This evildoing seems to be the work of Mayor Lionheart (J.K. Simmons). As Henry Louis Gates reads the trickster tradition, Eshu, the monkey from African Yoruba stories uses his “signifying” skills to displace the lion’s status as the King of the Jungle. The dismantling of the mayor’s power in Zootopia comes at the hands of Judy’s police work, linking the film to the Br’er Rabbit trickster common to the African-American folk tradition.

The con artist fox positions the film as heir to another trickster mythology, one concerned with the Native American coyote. In one story, coyote helps people fight against frogs monopolizing their water supply. His explanation—“it is not right that one people have all the water”—strikes at the heart of the politics of Zootopia. The film’s plot, about two different tricksters combining forces to fight injustice and restore a socially just world allegorizes our current political plight. As Donald Trump activates the worst parochialism in the American character, summoning fear as a political weapon to kick immigrants out of the country via deportation and wall-building, Zootopia summons a massive counter-cultural force, the best of what America has been, a place of opportunity and understanding.

While the film’s didactic dialogue makes this project clear, it is its images that best carry the artistic banner. The film opens with a young Judy in elementary school delivering a puppet show that exposes our fear of predators as a thing of the past: the spectators of the fiction, predator and prey, live in peaceful co-existence, horrified at the puppets’ vicious behavior in the play. At the end of the film, this imagistic artifice is re-activated.
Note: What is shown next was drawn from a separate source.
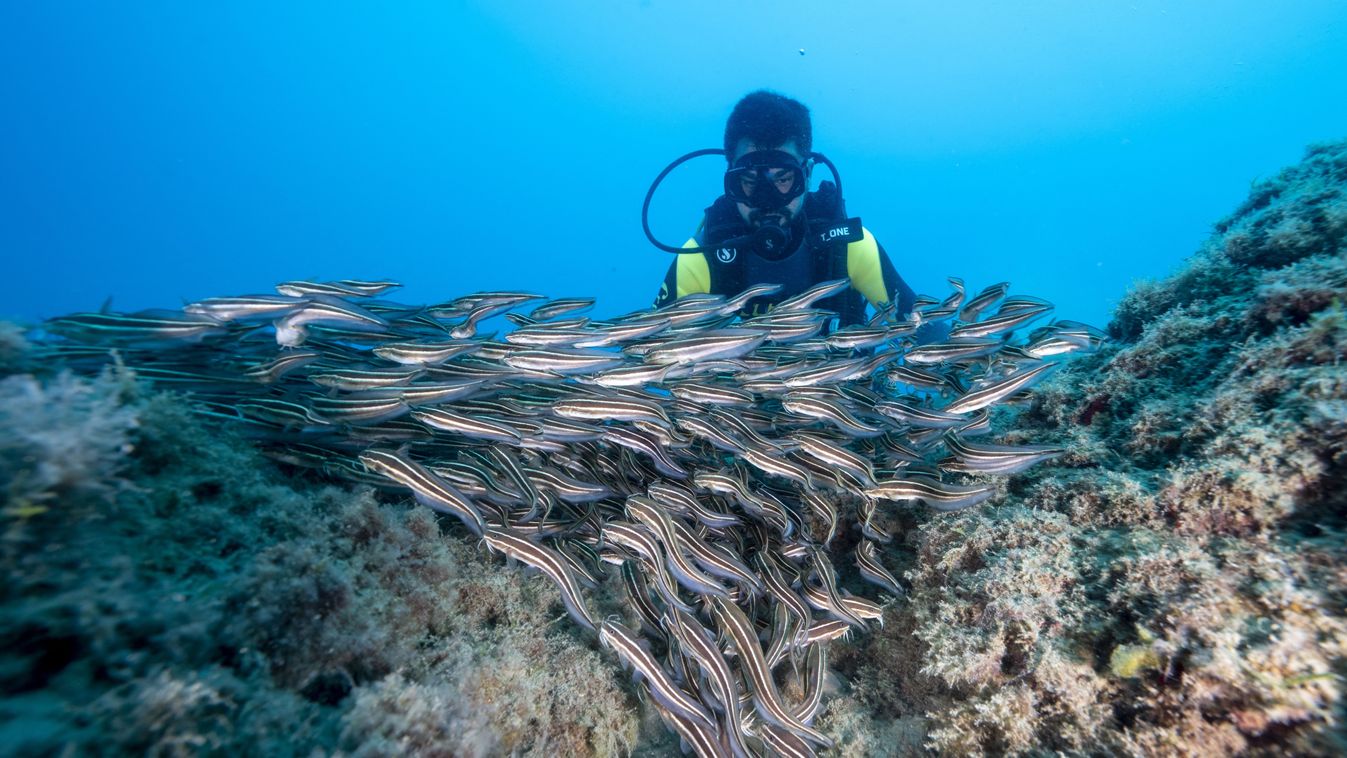 Increasing population of striped eel catfish observed in Mediterranean sea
The villain thinks she has trapped our heroes in a pit at a natural history museum. She fires what she thinks is serum into the fox, knowing that he will revert to barbarity and devour Judy. However, Nick and Judy have tricked her, replicating the performance from the beginning of the film to coax her confession. The plan works, and she is arrested. The fact that this villain is a cute sheep is the film’s ultimate embrace of the trickster tradition: the final narrative border crossing is an adage: beware the wolf in sheep’s clothing. Zootopia trumps the Donald, refusing to duck behind his embrace of barbarism. Though we dearly miss Dr. Seuss’ trickster voice, his animated spirit lives on, and we continue to fight that which cannot be tolerated, injustice and inhumanity.